— Data records —
──────────────────────────────

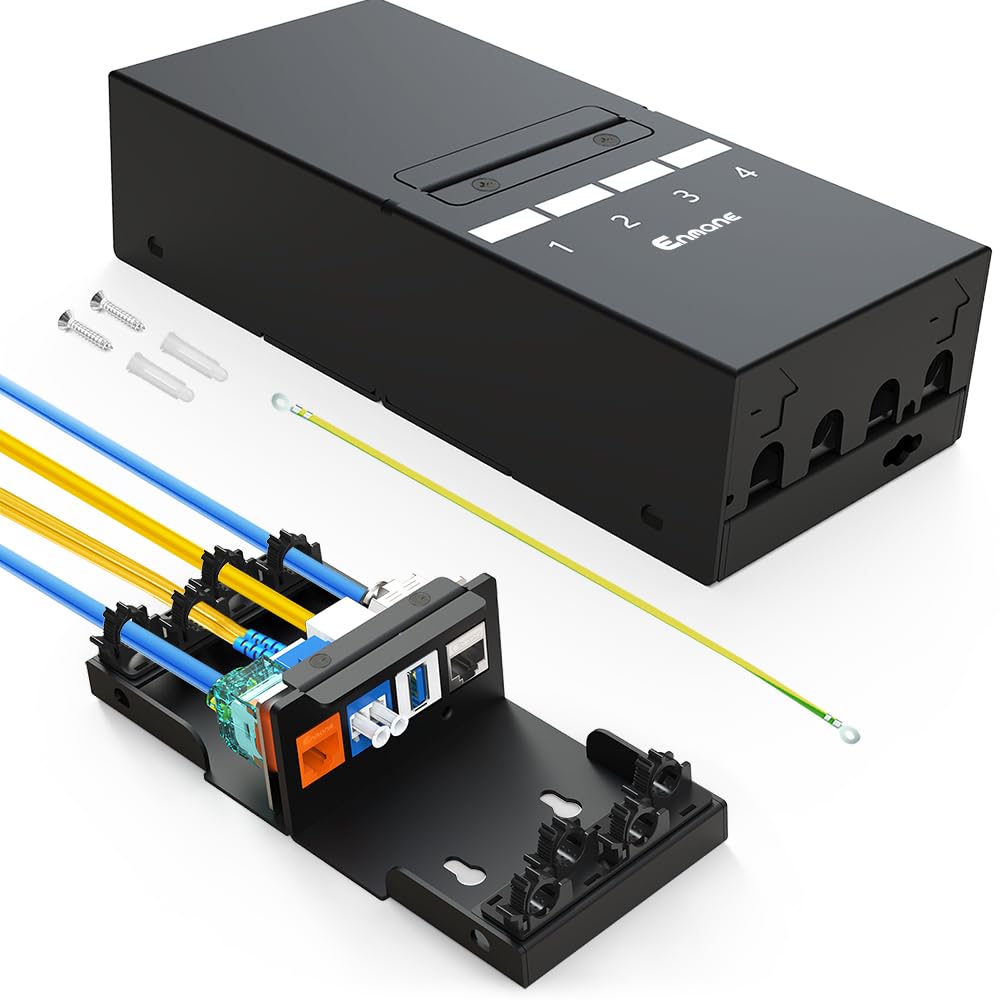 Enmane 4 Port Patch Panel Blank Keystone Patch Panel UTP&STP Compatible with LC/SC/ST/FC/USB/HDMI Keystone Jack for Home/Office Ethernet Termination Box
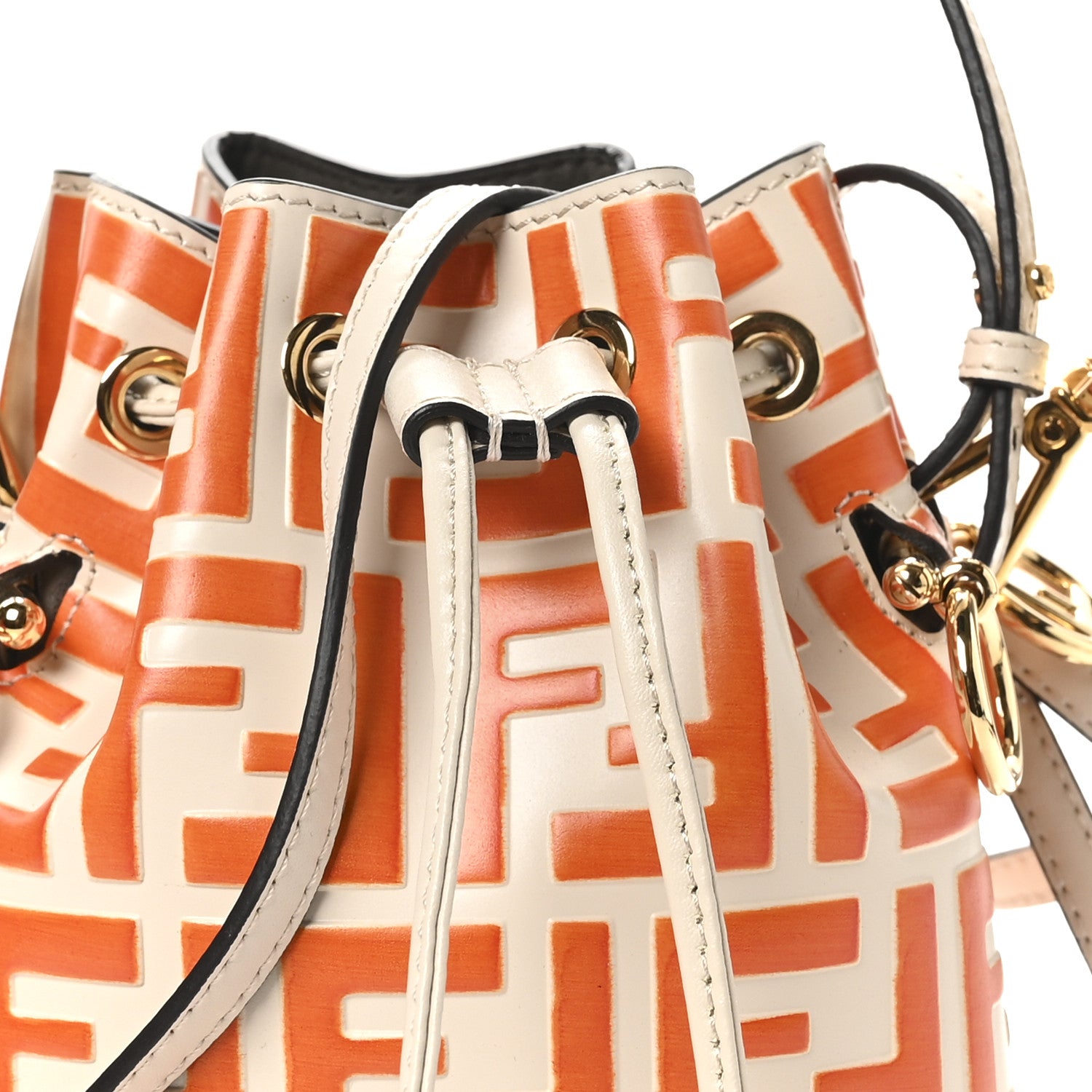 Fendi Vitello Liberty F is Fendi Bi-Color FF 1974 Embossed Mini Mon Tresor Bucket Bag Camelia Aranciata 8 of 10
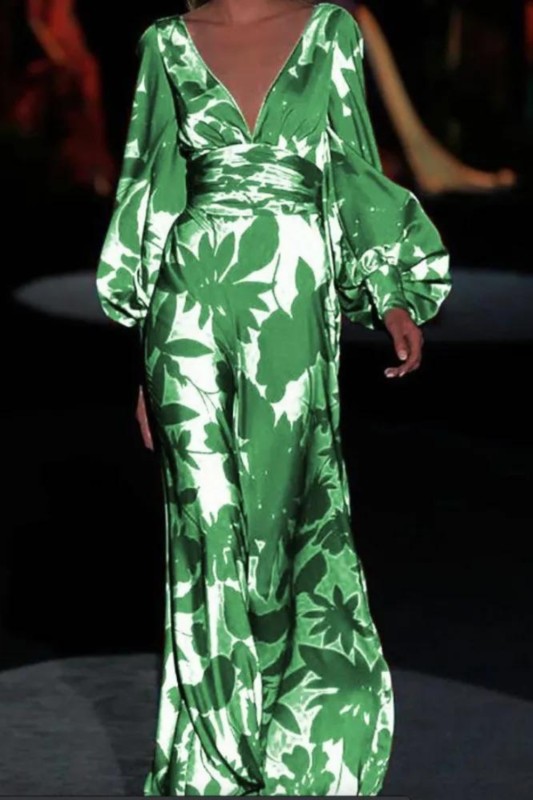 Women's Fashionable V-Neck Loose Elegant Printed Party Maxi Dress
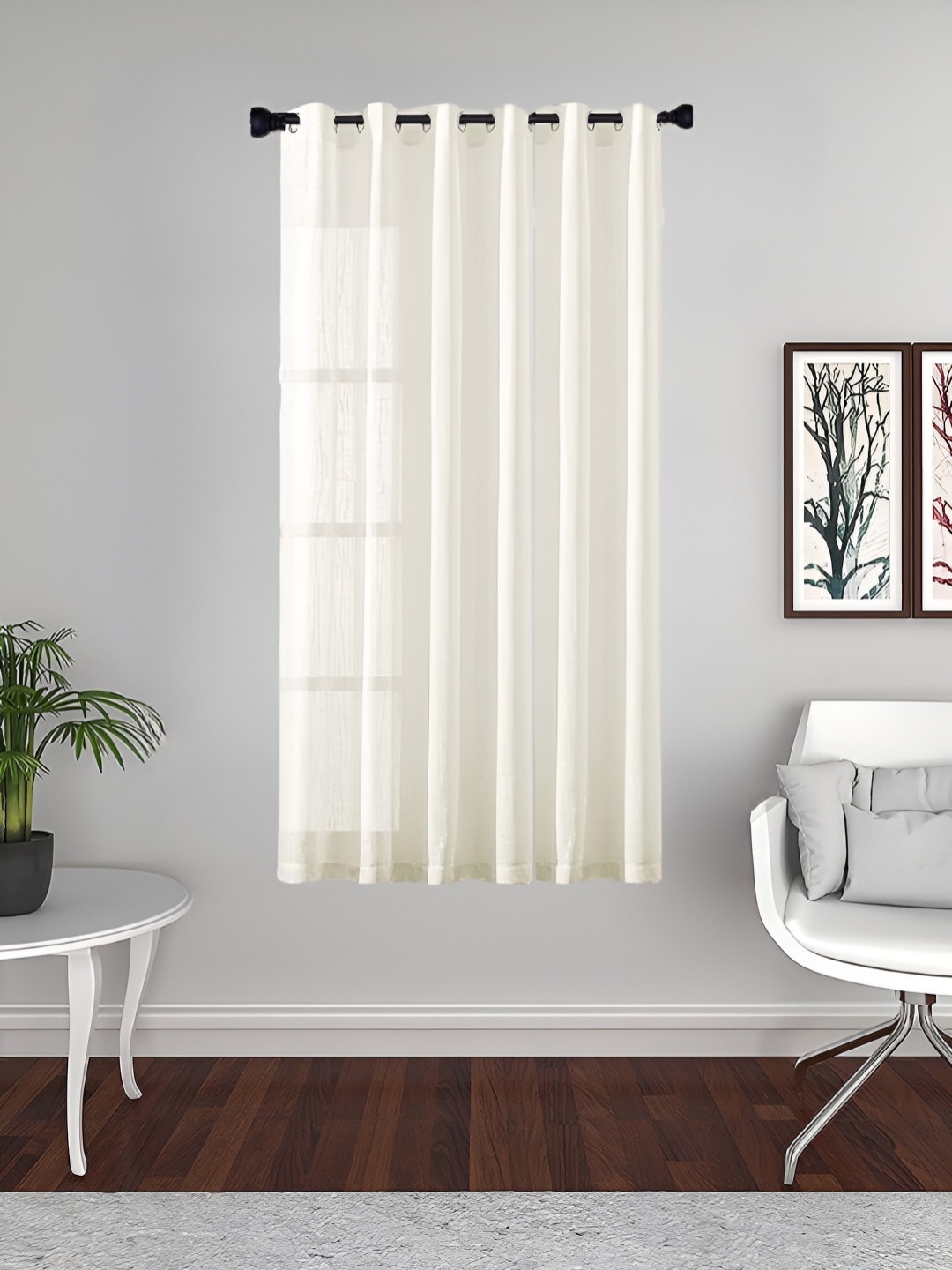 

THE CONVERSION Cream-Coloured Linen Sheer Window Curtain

──────────────────────────────

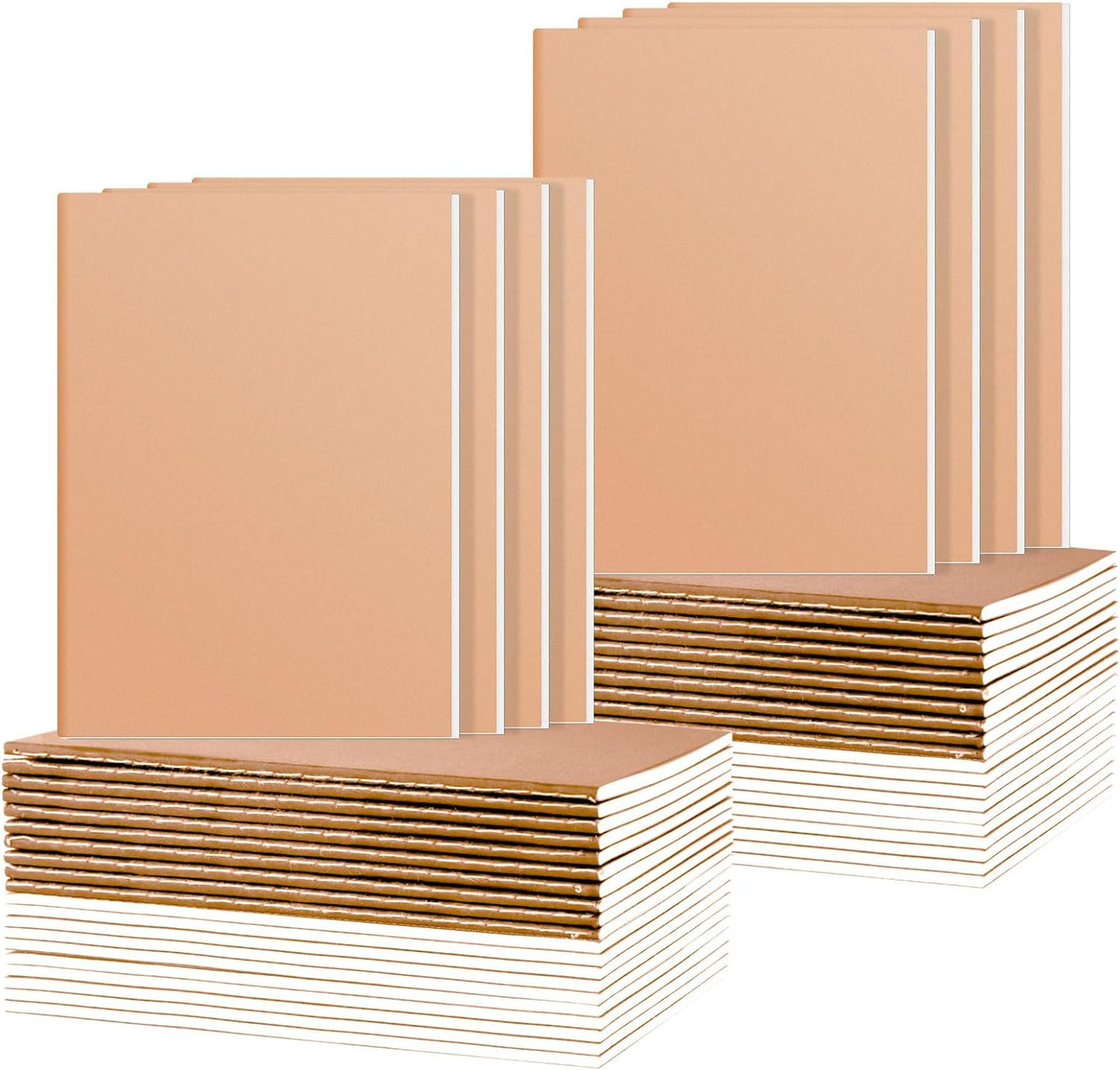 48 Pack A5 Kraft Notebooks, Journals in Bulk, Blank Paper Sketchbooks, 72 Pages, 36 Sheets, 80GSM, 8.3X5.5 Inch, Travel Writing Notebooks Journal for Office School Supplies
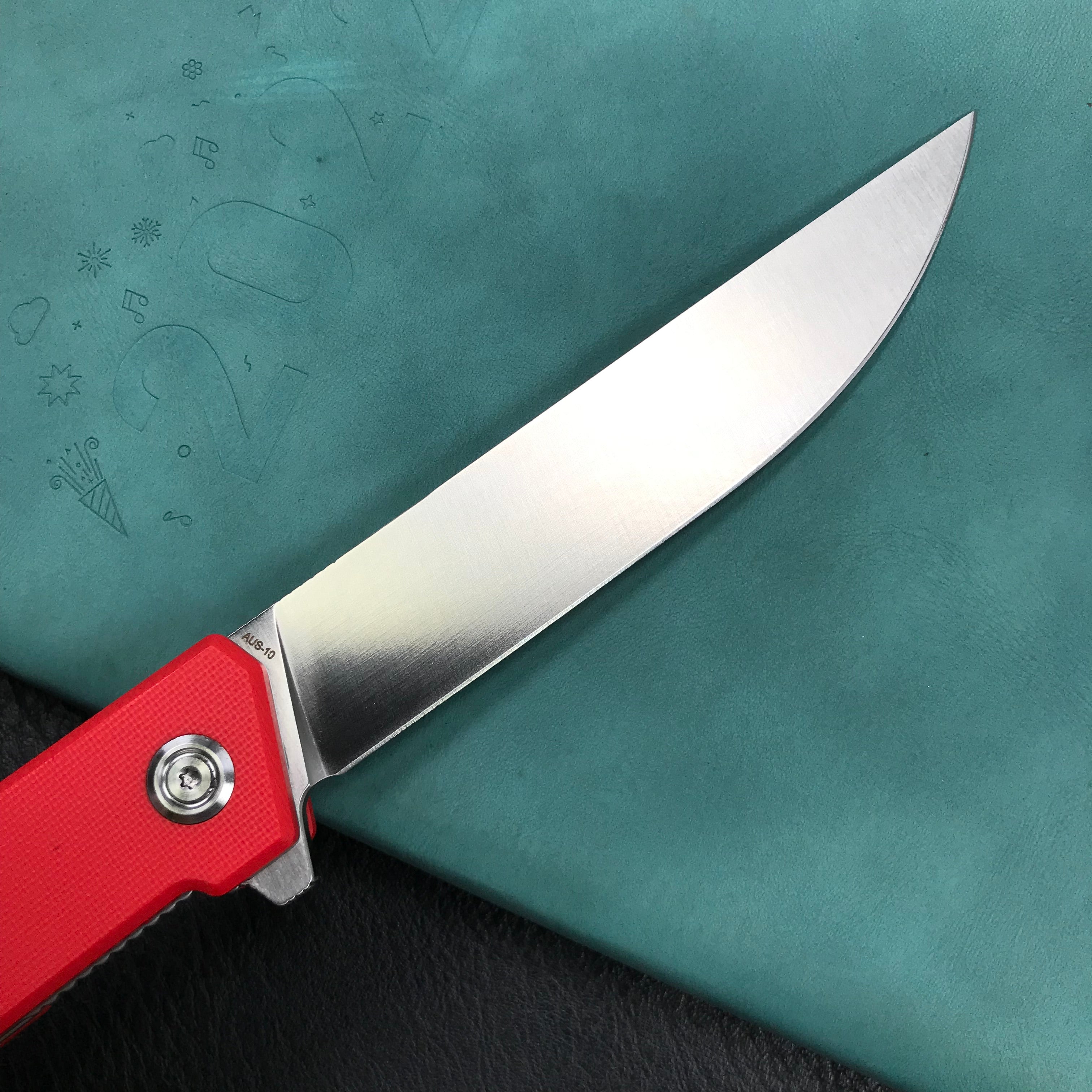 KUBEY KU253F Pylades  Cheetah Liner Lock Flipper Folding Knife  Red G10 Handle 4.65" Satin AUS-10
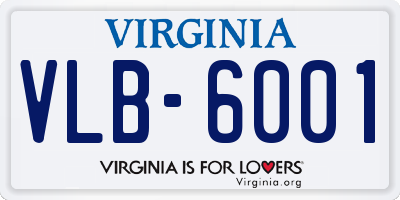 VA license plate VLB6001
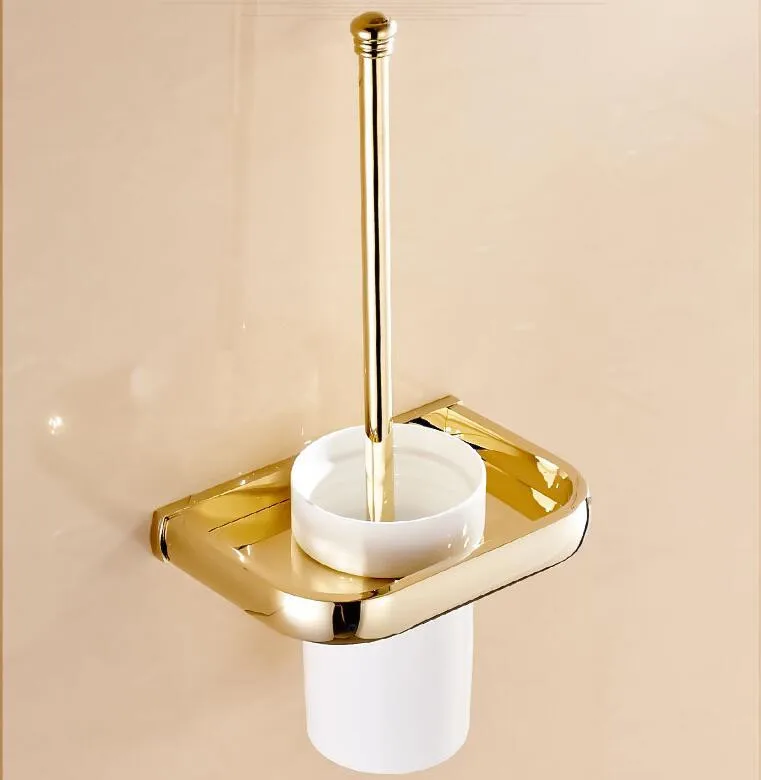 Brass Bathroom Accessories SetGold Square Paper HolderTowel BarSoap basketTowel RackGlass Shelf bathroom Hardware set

──────────────────────────────

With the pictures left out, write out exactly the lines above from the one containing "VA license plate VLB6001" through the one containing "Brass Bathroom Accessories".

 VA license plate VLB6001
 Brass Bathroom Accessories SetGold Square Paper HolderTowel BarSoap basketTowel RackGlass Shelf bathroom Hardware set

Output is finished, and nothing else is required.